For decades, venture capital operated like a closed aristocracy. The same tier 1 firms controlled access, commanded the best deal flow, and dictated terms to founders desperate for legitimacy and capital. Their LP networks were fortified. Their track records were pristine. Their power was absolute.
Then the SaaS market became oversaturated. The playbook got crowded. Competition eroded margins. And everyone realized: the promised land everyone chased had evaporated.
But something more significant is happening now.
The Collapse of Legacy Power
The VCs who dominated the 2010s SaaS boom built their empires on a simple formula: access, networks, and the ability to control who played the game. If you wanted the best founders, you went to Sequoia. If you wanted tech infrastructure validation, you went to them. Tier 1 firms didn't just make investments; they gatekept entire markets.
This worked beautifully when markets moved slowly enough for incumbents to maintain their information advantage. When the barrier to entry was high. When "who you knew" mattered more than "what you understood."
AI demolished that advantage overnight.
The Clean Slate
AI isn't an evolution of SaaS. It's a categorical reset. The entire playing field has been wiped clean. The rules are being written in real time. The winners haven't been crowned yet.
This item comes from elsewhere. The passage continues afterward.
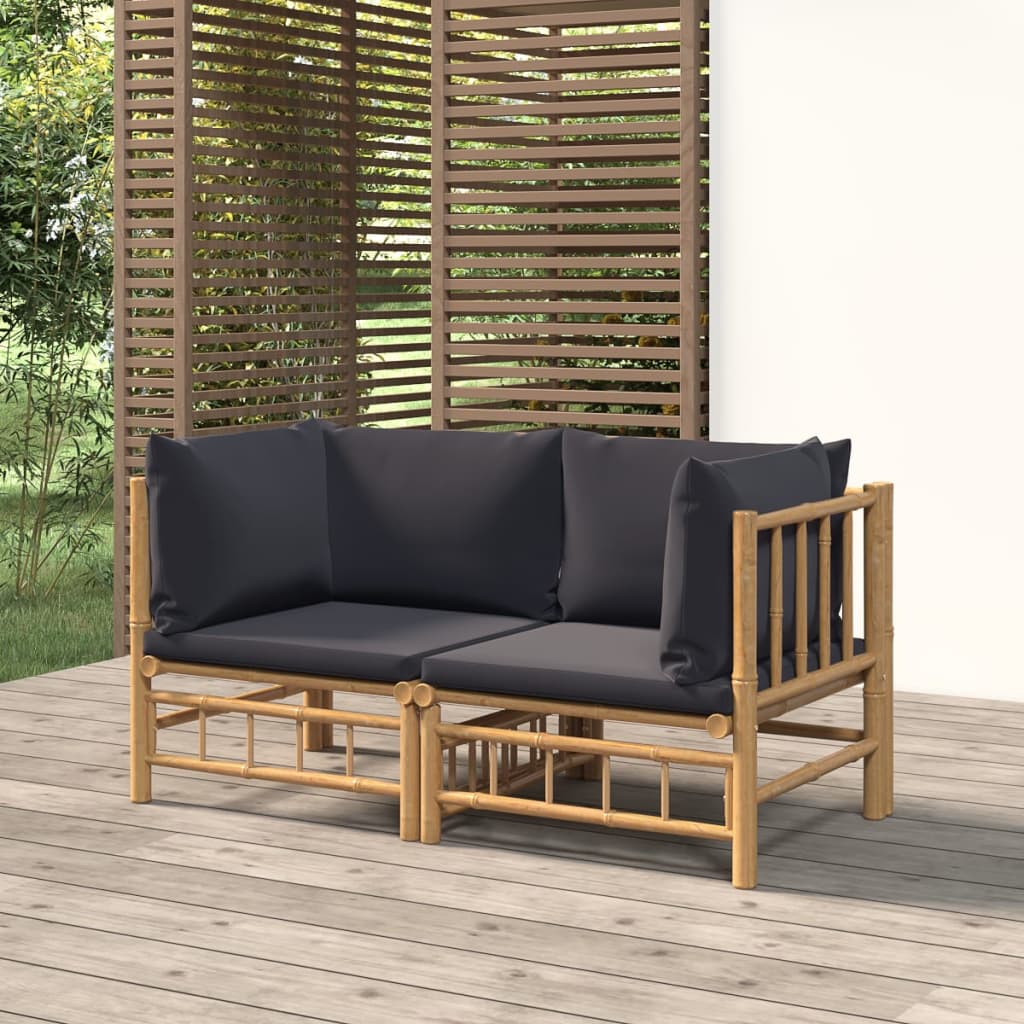 vidaXL Narożne sofy ogrodowe z ciemnoszarymi poduszkami, 2 szt, bambus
And for the first time in a generation, that means power is up for grabs.
Tier 1 VCs are scrambling and it shows. They're chasing every AI deal. They're writing massive checks. They're desperate to maintain the appearance of control in a market they don't actually understand yet. They're leveraged into 2010 SaaS portfolios that are now dinosaurs, and they're trying to hedge by swimming in AI capital pools where they have no edge.
The irony is devastating: The concentration of capital and access that made them invincible in the SaaS era is now making them vulnerable in the AI era. They have too much legacy to lose and not enough understanding to gain.
Where the Real Power Is Moving
The next generation of unicorns the ones that will actually matter won't come from tier 1 VCs.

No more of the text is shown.